First just download all the html files from the website : These html files contain the State of the Union address from US presidents.

1. Introduction:

This assignment consists of using the WordCount program in Hadoop and modifying it to do several tasks. The data you will use are the text transcriptions of the State of the Union Addresses given by Presidents to Congress since 1790 to the present year.

The data consists of files named yyyymmdd.txt, where yyyy is the year, mm the month, and dd the day in which the address was given

As it stands, the files contain html commands and other characters (one of your jobs will be to eliminate those)
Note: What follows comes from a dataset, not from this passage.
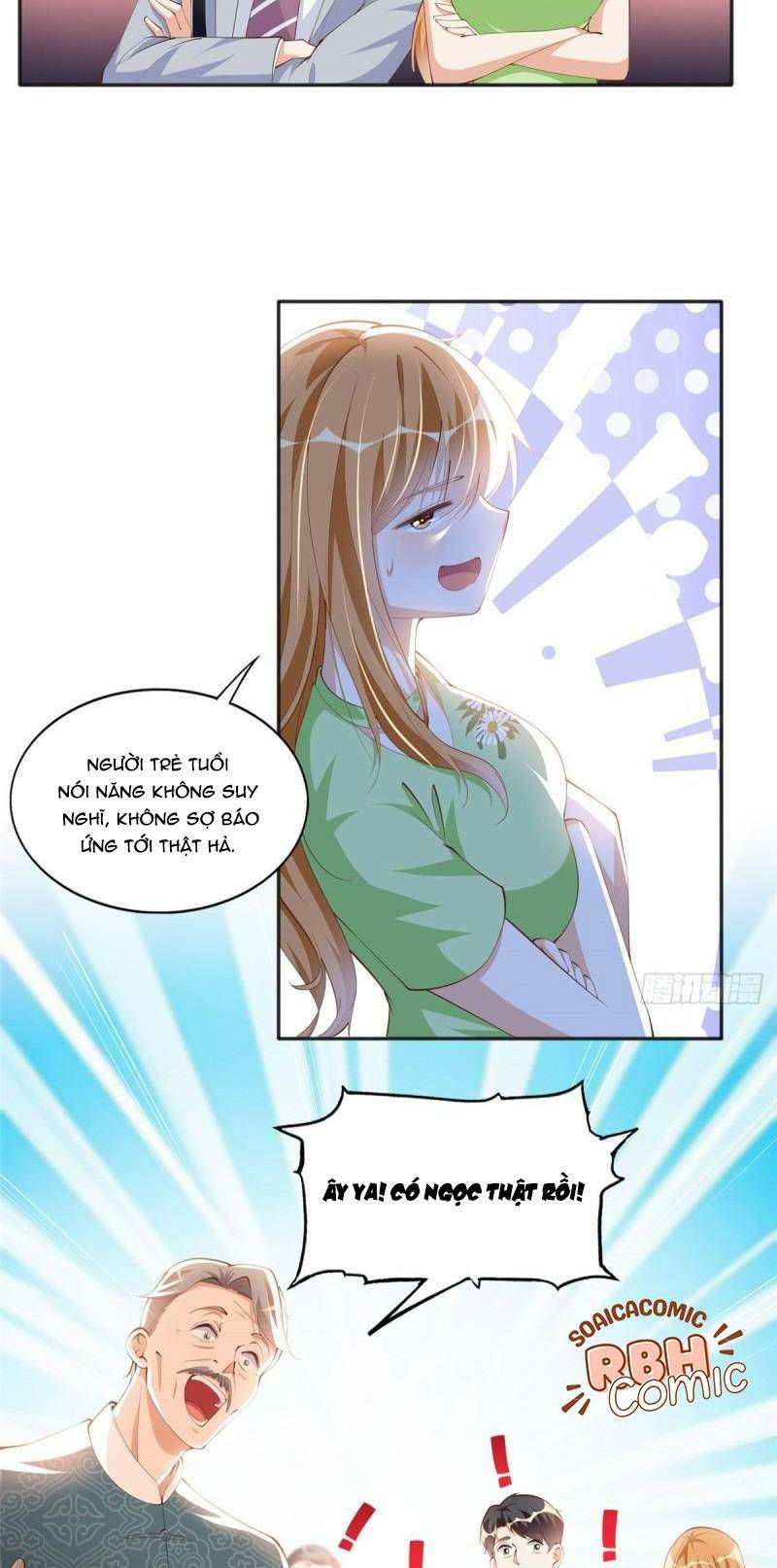 Boss Nhà Giàu Lại Là Nữ Sinh Trung Học! Chapter 19 - Trang 2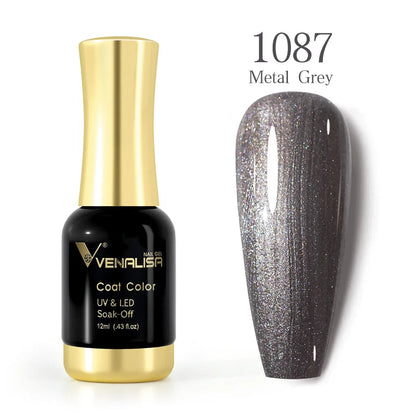Nail Salon Long Lasting Shining Soak Off Color Nail Gel Polish Good Quality Topcoat Color Gel 111 Colors Nail Polish Gel Lacquer Good Vibrations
The data can be found in: State of the Union Website

2. Tasks:

Run the version of WordCount found in Hadoop in Distributed mode. Obtain a graph that shows the running time vs. the size of the file (for this you would have to run WordCount several times, using incrementally larger data sizes - by using more and more files-)

  • Keep in mind:

    • That Hadoop is far more effective if you merge all the files you are using into one before running (you can do this with 'cat')
    • That you need to move the file(s) you want to run to HDFS
    • That you can obtain the running time in Linux using the 'time' command (> time hadoop ...)
  • Change the WordCount program to do the following

    • Ignore punctuation marks
    • Eliminate HTML commands and url addresses
    • write a Hadoop (Streaming) program to:
      • Compute the average use of every word,
      • Compute the maximum and minimum times a word appears in all the addresses
    • Starting in 1984, compute the average and standard deviation of times a word appears in a window of five years
    • Use the previous result to output the words that appear in a given year with a frequency that exceeds the average plus two standard deviations

3. File and Folder Structure

  1. Folders with outputs:
  • output-MinMaxAvg8-Final
  • output-Sliding-StdDev-SingleWindow
  • Sliding_StdDevOutput-Final
  1. Script Files:
  • MergeAndExecute.sh
  • MergeAndExecute_Modified.sh
  • MergeAndExecute_StdDev.sh
  • MergeExecute_MinMaxAvg.sh
  • MergeExecute_Sliding_StdDev.sh
  1. PseudoCodes:
  • PseudoCode_MinMaxAvg.txt
  • PseudoCode_StdDeviation.txt
  • PseudoCode_StrippedHTML.txt
  • PseudoCode_TwoStdDev.txt
  1. For Running Time Task:
  • RunningTime_vs_Size-2.png
  • runningtime_for_various_filesize.txt
  1. Code Files:
  • Mapreduce for StrippedHTML

    • wordCountMapper.py
    • wordCountReducer.py
  • Mapreduce for MinMaxAvg

    • wordCountMapper_MinMaxAvg.py
    • wordcountReducer_MinMaxAvg2.py
  • Mapreduce for Standard Deviation:

    • wordCountMapper_StdDev.py
    • wordcountReducer_StdDev.py
  • Mapreduce for Sliding TwoStdDeviation:

    • wordCountMapper_Sliding_StdDev.py
    • wordCountReducer_Sliding_StdDev.py